Can anyone help clarify this? Are these long execution times (e.g. ~20 ms) expected behavior for the play() function?

Replies

Seems like excessive complexity -- why do you need to use an audio engine? That's really only for audio processing, and it looks like you're just playing audio. For good class design, your sounds should be associated with their corresponding game elements. Then you can speed up their initial play by loading them from your wav URL, issuing the prepareToPlay method, then the play() will start quickly. You can also change the currentTime of the playback, then issue the pause() command, which will cause the next play() to execute very fast.

First, let me say thanks for responding. I appreciate your taking the time to do so.


However, I must admit I don't quite understand your reply. You asked why I'm using an audio engine - I'm not sure what you mean by this. Are you saying I shouldn't be using the AVAudioEngine framework?
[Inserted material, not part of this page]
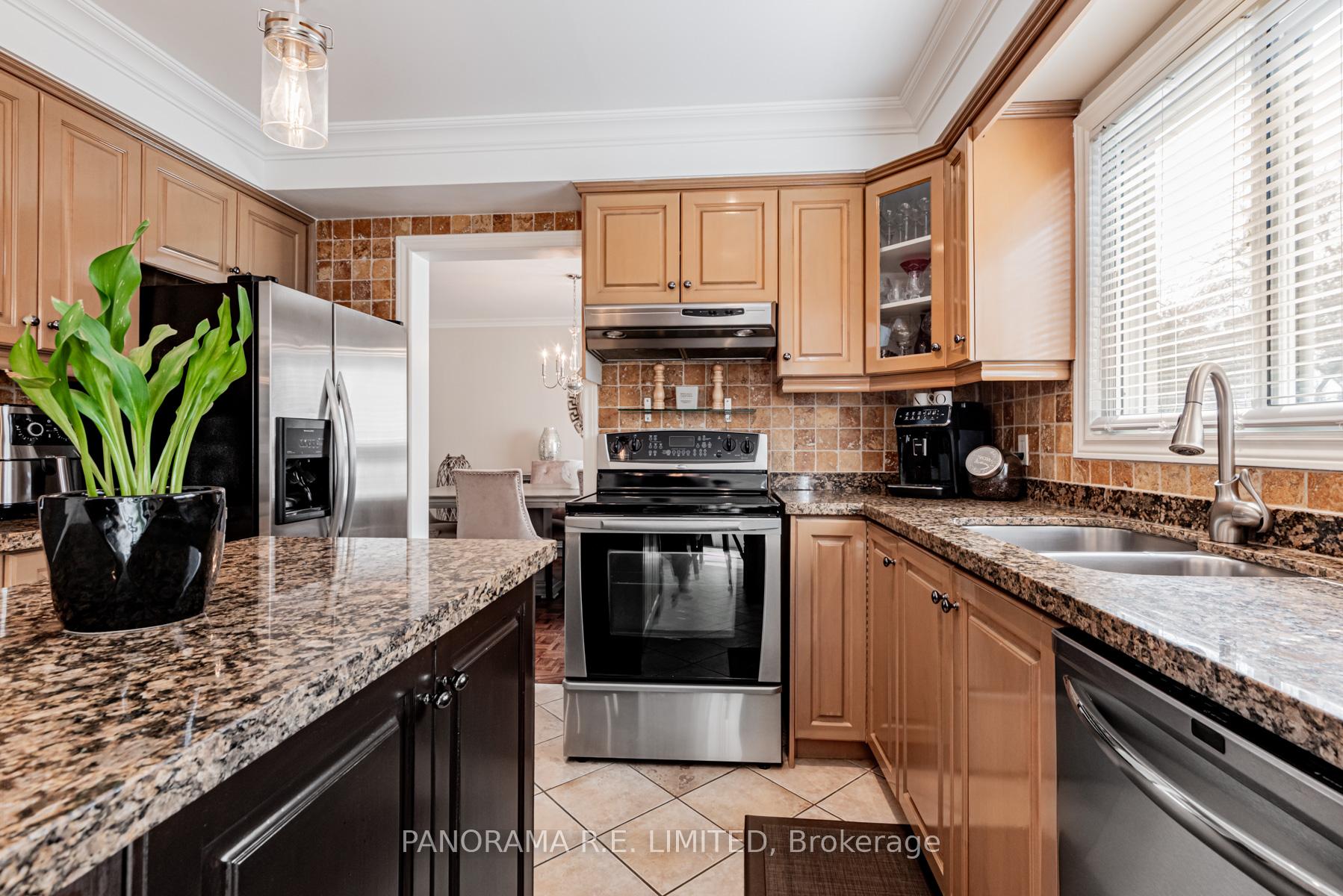 Photo 10 of 96 Beechnut Road, Vaughan, West Woodbridge — HOMEH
If so, what alternative did you have in mind?


As for your comment about class design and associating sounds with game elements, I'm not sure if that's right in the general case. Based on what I've seen elsewhere and done in the past, typically a game sound system will have some number of channels available, and sound effects will be played on the first available channel. This is the way I used to do it with OpenAL, and I don't recall ever dealing with these kinds of issues with that API.
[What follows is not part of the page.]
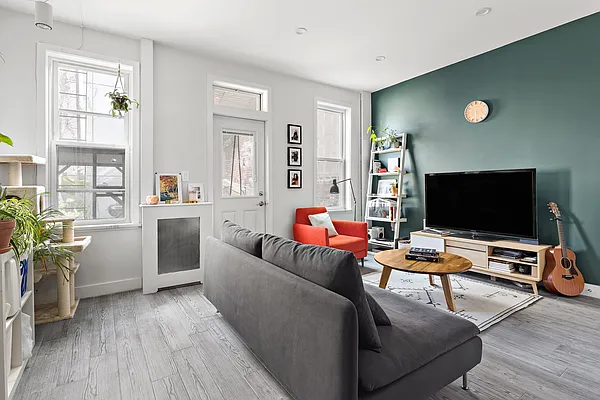 Rented by Brown Harris Stevens | media 16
Maybe what you're saying though is that this approach doesn't really work with AVAudioEngine and isn't how AVAudioEngine is intended to be used. If the only option is to keep a dedicated AVAudioPlayerNode instance pre-warmed and ready to go for every sound you might want to play, then that's certainly what I'll do. It does seem counterintuitive though. In my experience channels and sounds are orthogonal (for example, a game might have 16 channels but 50 sounds effects), but it sounds like you're saying with AVAudioEngine there needs to be a 1-to-1 correspondence between channels and sounds?


Again, thanks for responding to my post. If you feel so inclined, I'd certainly be interested in any clarification you could offer with respect to your earlier reply.
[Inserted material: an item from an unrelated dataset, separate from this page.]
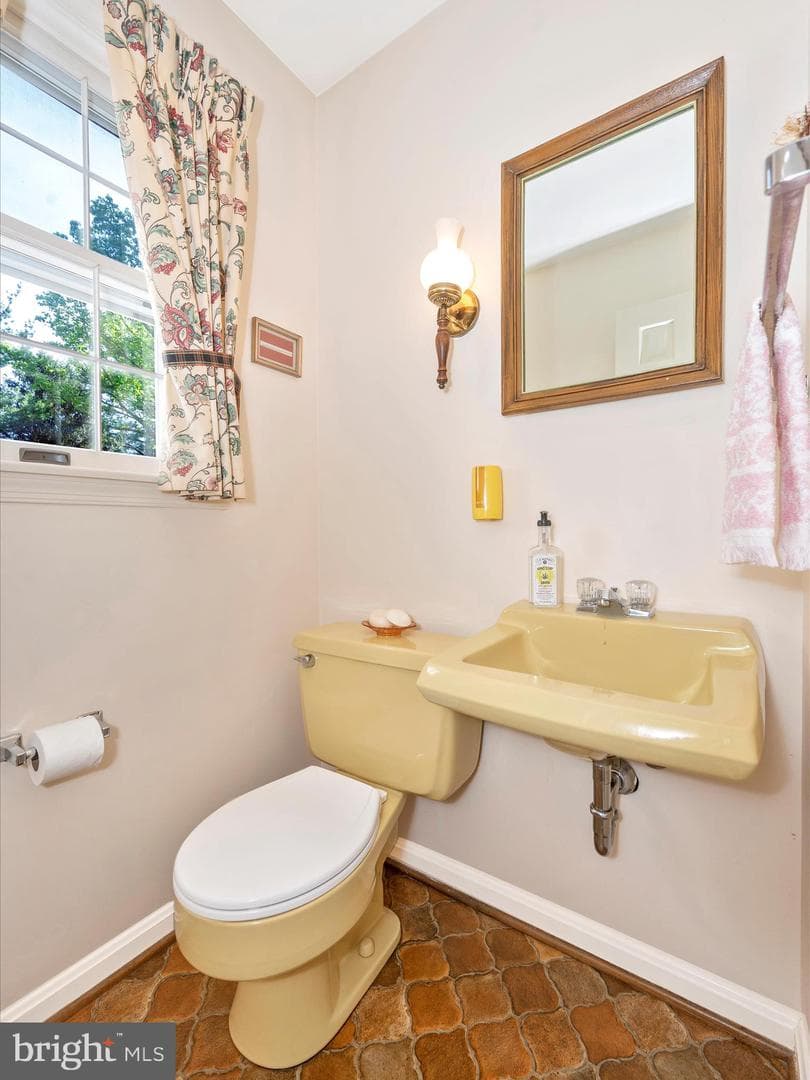 6912 Greenvale Court photo 23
Edit: After re-reading your reply, based on your mention of prepareToPlay() it sounds like maybe you're recommending I use AVAudioPlayer rather than AVAudioEngine. If so, I'm not sure that's current best practice for game audio in iOS. Apple used to recommend OpenAL for low-latency applications such as games, and my understanding is that AVAudioEngine is intended to supersede OpenAL. Everything else I've seen and read (including the WWDC presentation on AVAudioEngine) seems to suggest that AVAudioEngine is currently the recommended solution for game audio in iOS. (If I'm wrong about any of this, I hope someone will let me know.) In any case, the question remains open.

Just posting a follow-up to this in case anyone else encounters the same issue and finds this thread.


The aforementioned caveats still apply. I haven't tested this in iOS 10, and maybe this behavior has changed since 9.3.5. It's also possible I'm making a mistake in my code, but if so I haven't been able to spot it.


With those caveats in mind, my provisional conclusion is that, although AVAudioEngine technically supports changing node configurations dynamically during rendering, this functionality isn't intended for real-time use (e.g. in a game application during gameplay). Connecting a player node and calling play() seems to incur a cost (approaching 20 milliseconds in some cases) that isn't compatible with a real-time simulation.


The solution I ended up implementing was to create a fixed number of mono and stereo channels up front (each of which uses a single AVAudioPlayerNode instance) and never change anything after that. It's not as flexible or elegant as I'd like, but it does solve the performance problem, as playback on a pre-existing player node with no configuration changes seems to have no performance issues.


Edit: I was finally able to test this in 10.2, and it doesn't look like this behavior has changed.